Despite those concerns, the main storyline ended on a more positive note, one well earned considering all that led up to it. It hadn’t been fully clear, to begin with, but when the singular cannibal that attacked Virgil and Connie turned out to be one of many, things only got worse. These are the most terrifying antagonists this season, and while it seemed as though that group was taken out entirely, there could still be a chance that a few escaped, or there are more out there like them. Either way, it would be great to see them moving forward—maybe even going after Maggie’s group and The Reapers at different points—because of how different they are from The Reapers and The Commonwealth. While those two show the dangers and justifications of humans trying to survive—as is required in dystopian media—and what ways they choose, this new group shows the same, but rather than evolving with the times this group devolved, honing into their base instincts and regressing into beings more akin to starving carnivores than starving people.
While the terror of The Reapers is in the brutality of Pope and his actions against those he deems enemies and those he deems family—preying on the fear of having no one to trust, not even the supposed father figure—and the terror of The Commonwealth is the fascism and bureaucratic indifference to human rights in a place that claims to be as close to the time before the fall—which preys on the fear of just how close Western society is to this type of system—the terror of the Tarzan cannibals is their very existence, as they have no system except the basic pack mentality and need to eat and survive—it taps into the fear of how similar humans are with animals and just how quickly people can devolve if given the proper motivation.
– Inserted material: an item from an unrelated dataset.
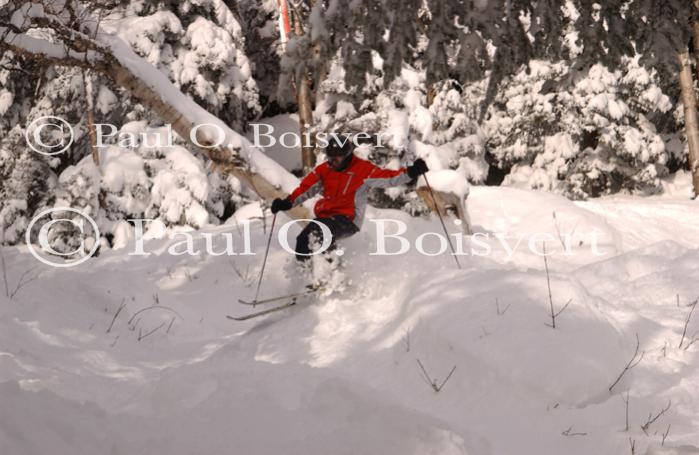 Sports-Ski 75-55-12384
There’s a reason why there’s such a twisted fascination over The Donner Party and other cannibal stories; even to those who find it revolting, there is a lingering question of what it must be like.
Fortunately, Connie and Virgil didn’t have to learn the hard way what it’s like to be predator or prey, as Connie’s quick thinking and Kelly’s surprise appearance kept them safe. The emotional reunion between the sisters was a strong end to the episode, a good foil to Daryl’s bleak situation in his own group, and while there are so many questions lingering about what will happen when Daryl steps back into camp, there are an equal amount of questions about what will happen when Connie and Virgil do the same.
Overall, this episode was strong in all aspects: narrative, visual, and auditory. The music was just as successful at establishing tone and rising tension, but the use of silence was arguably even more successful, especially when it came to fear. The character dynamics were compelling and, other than Carver’s jealous streak and the budding love angle between him, Daryl, and Leah—although, Leah isn’t even interested in Carver, so it really seems like a Twilight situation where Carver is Jacob and treats Leah horribly because he thinks he’s owed a relationship because he’s her best friend—everything was enjoyable to watch. Hopefully, the season continues on in this way, as this was one of the better episodes, and viewers should expect no less from the final season.